Dr. Schlessinger’s laboratory was also the first to show that co-expression of a truncated EGFR interferes with activation of full-length EGFR. This dominant-negative effect, mediated by heterodimerization of mutated and wild-type EGFR, provided the most compelling evidence to date that dimerization is critical for receptor tyrosine kinase (RTK) activation in vivo. His laboratory went on to show that RTKs become autophosphorylated through an intermolecular ‘cross-phosphorylation’ process and – unexpectedly – that the primary target for EGFR is actually EGFR itself. They proceeded to identify all of the tyrosine autophosphorylation sites of EGFR and ErbB2.

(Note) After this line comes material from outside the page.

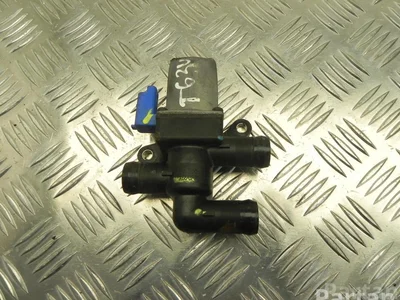 Renault A4535000140 Twingo Z.E 2022 Capteur de température de liquide de refroidissement - Image 1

A major conceptual breakthrough was achieved when Dr. Schlessinger’s lab showed that phospholipase-Cγ (PLCγ), a key EGFR substrate, only binds to activated (i.e. tyrosine autophosphorylated) EGFR. This observation led to the realization that the Src homology-2 (SH2) domains of PLCγ, GAP, and other effectors of EGFR ‘recruit’ these key proteins to the tyrosine phosphorylated tail of activated EGFR. Motivated by these observations, the Schlessinger lab took the inspired step of using a tyrosine-phosphorylated EGFR tail to probe expression libraries and thus clone numerous SH2 domain-containing proteins that are kingpins of cellular signaling, including Grb2, the p85 regulatory subunit of PI3 kinase. These now-classic studies revealed a new ‘code’ for signaling by RTKs, with specific downstream signaling molecules being recruited by RTKs through SH2/phosphotyrosine interactions. This finding had a dramatic impact on the field of growth factor receptor signaling, cancer research, and indeed cell signaling in general.

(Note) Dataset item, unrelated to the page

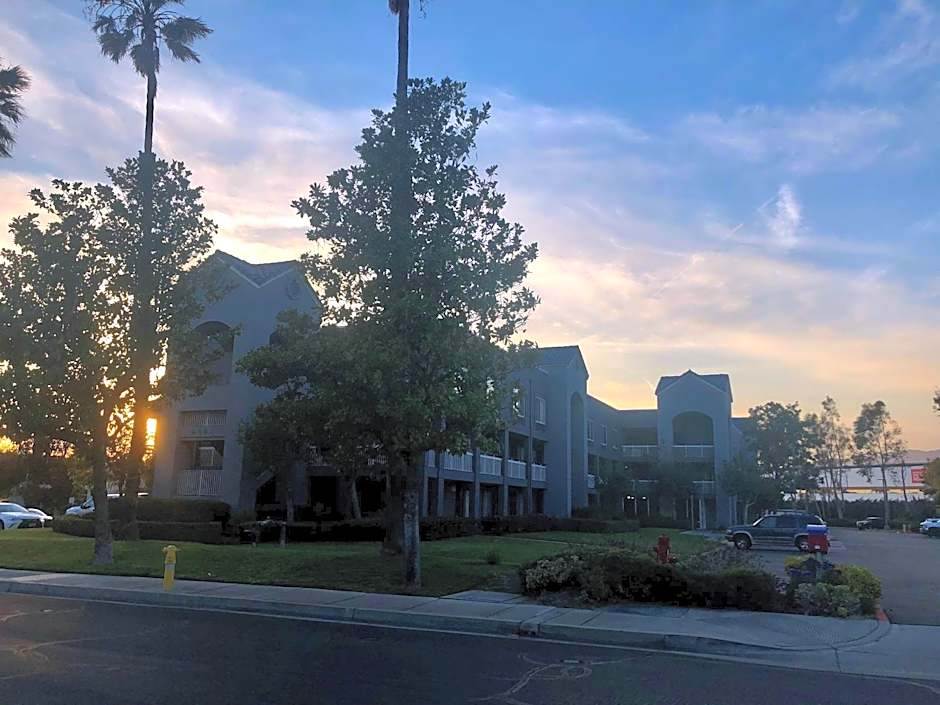 SureStay Hotel by Best Western Ontario Airport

Having established this new paradigm of phosphotyrosine-mediated recruitment, Dr. Schlessinger's group discovered the key SH2/SH3 adaptor protein Grb2 and combined biochemical, genetic and biophysical approaches to understand how Grb2 links RTK activation to the Ras signaling pathway to relay information from the cell surface to the nucleus. The current concept of adaptor proteins in RTK signaling is rooted in this work, and subsequent studies in the Schlessinger laboratory have shown how complex intracellular signaling pathways are initiated by SH2 domain-mediated complex assembly.

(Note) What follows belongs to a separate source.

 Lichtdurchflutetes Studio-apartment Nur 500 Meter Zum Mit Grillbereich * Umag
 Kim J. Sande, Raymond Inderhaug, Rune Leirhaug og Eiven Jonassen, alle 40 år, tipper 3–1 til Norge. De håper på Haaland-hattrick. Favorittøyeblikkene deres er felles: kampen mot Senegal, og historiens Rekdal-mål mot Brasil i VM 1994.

Dr. Schlessinger’s studies have really paved the way for the development of erlotinib (Tarceva) and gefitinib (Iressa), which are EGFR inhibitors used for treating colon and lung cancers, plus imatinib (Gleevec), an Abl and c-Kit inhibitor used for treating CML and GIST patients. Dr. Schlessinger and his team at Sugen developed Sutent (SU11248), which blocks the action of PDGFR, VEGFR and c-Kit. This drug was FDA approved in 2006 for treatment of renal cancers and GIST. Sutent also appears to be effective in treatment of non-small cell lung cancer patients and a population of breast cancer patients. In a newer phase of superb studies, published in Cell in July 2007, the Schlessinger laboratory used crystallography to show how the Kit RTK (the receptor for stem cell factor) is activated. This is a key cancer target in GIST and other cancers, and these seminal data promise more novel approaches for the development of targeted cancer therapeutics.
Dr. Schlessinger received a B.Sc. degree in Chemistry and Physics in 1968 (magna cum laude) and a M.Sc. degree in Chemistry (magna cum laude) in 1970 from the Hebrew University in Jerusalem. He obtained a Ph.D. degree in biophysics from the Weizmann Institute of Science in 1974.